Mr. F. P. Crowder (Ruislip Northwood)

rose

10.30 p.m.

Mr. Hamilton

No, I will not give way. The hon. and learned Member for Ruislip—Northwood (Mr. Crowder) is one of the most absent Members of this House. He comes to the House at this time of night, having earned his "corn" outside, and then presumes to intervene in defence of the old people, about whom he knows nothing at all.

The people of this country in the last twelve months have suffered the biggest betrayal since Judas. This is why the Government will reject this Amendment. We will hear all the sob-stuff that we have become used to from the Secretary of State, with great compassion and' humanity, so long as he is not asked to do anything very much. It is the same of his junior Minister. I remember him almost bringing tears to our eyes when talking about all the poverty that had been created by the Labour Government. Under Tory Governments there has been poverty in this country for centuries. We are a long way from solving it. This Bill will hardly do anything to get the old folk out of their great morass of poverty in which a lot of them have been all their lives.

Mr. Laurie Pavitt (Willesden, West)

We are here seeking a matter of elementary justice for the sake of the old people. We all know that the white collar workers and professional people get their increases by way of annual increments, which are given automatically, and that the ordinary workers achieve their increases through bargaining, but the old people have no bargaining power.

We understand the right hon. Member for Kingston-upon-Thames (Mr. Boyd-Carpenter), who at one time was Minister of Pensions, that the form of words does not make it obligatory on the Treasury to find the money. What we must do is to break through the problem of dealing with the elderly throughout the whole of a period, since at one moment their case is looked at as a matter of yearly intervals and in the following year their supplementary benefits are looked at. The result is and has been that at a time when one benefit goes up my constituents immediately say to me that it is taken away with the other hand because it comes off the supplementary benefits next time.

We are demanding a review every year leading to the possibility of marrying up increases in prices with increases in pensions so that we are not giving benefits at two different periods, one in one year and the other in the next year. We want the two to march together.

Nothing is more frustrating or creates a sense of social injustice so much as when old-age pensioners read in the newspapers that they are to get so much more because the benefit has been increased, but find when they go to get it, that what has been given with one hand has been taken away with the other.

In Committee one argument which was put forward on another Clause concerned administrative difficulties. I had a letter from the Minister about this. I thank him for that letter, but I hope that he will give his officials a copy of Sir Ernest Gowers "Plain Words", because, due to the officialese jargon, I had to read it about three times before I could understand it. The argument was that if we had to do this each year we would tie down a number of extra civil servants and it would not be worth doing. The Department has now got itself computerised.

Mr. William Hamilton

Dehumanised.

Mr. Pavitt

And dehumanised. The Government talk about less public expenditure, but, as everybody recognises, we shall need about 8,000 more civil servants to collect the value-added tax.

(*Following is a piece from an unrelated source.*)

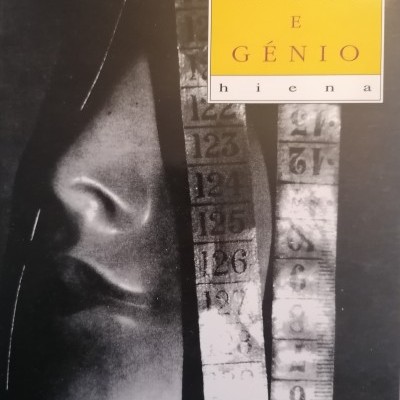 Capa de livro 'Loucuras e Génio' com fotografia em preto e branco de um rosto e fita métrica.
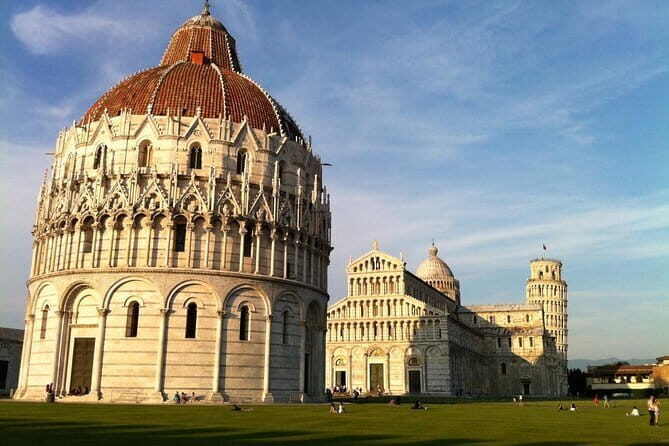Florence Private Day Trip to Pisa and Lucca - Analyzing the Experience: What to Expect and Why It Matters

I would rather spare some of these people to look after the old-age pensioners. They would then be doing a better job. It is neither administratively impossible nor too expensive for the Department to get to grips with the way that this could be done. An annual review would provide an official yardstick by which everybody could measure.

The right hon. Gentleman says that there is no obligation on the Treasury to part with money. Those who have to try to get it out of the Treasury know how difficult it is. But if and when we have an official yardstick to measure by, it will be difficult for the Government to resist.

Throughout the years prices have continued to rise and pensioners and those on fixed incomes have received increases long after prices have gone up. But never in my experience have prices gone up at the rate they have in the last 12 months. This has placed a fantastic burden on old-age pensioners. The Government have recognised this by bringing forward the date for the next increase. They recognise that elderly people will be placed in extreme difficulties if they cannot buy coal at summer prices, but have to wait until winter sets in, because this is one of the greatest costs they have to meet.

I do not understand why the Government cannot concede on this matter which is so important to the elderly. If they refuse to accept the Clause, they are, in effect, saying that they are not prepared to accept the pressure which will inevitably mount after the review when people see the difference between the increases held back over the last few years and the increases in prices.

Mr. Tom Boardman (Leicester, South-west)

Anyone who listened to the hon. Member for Fife, West (Mr. William Hamilton) would think that the House was divided on its aims. That is not so. We on this side feel just as deeply about the need for compassion and care of the elderly folk about whom he spoke.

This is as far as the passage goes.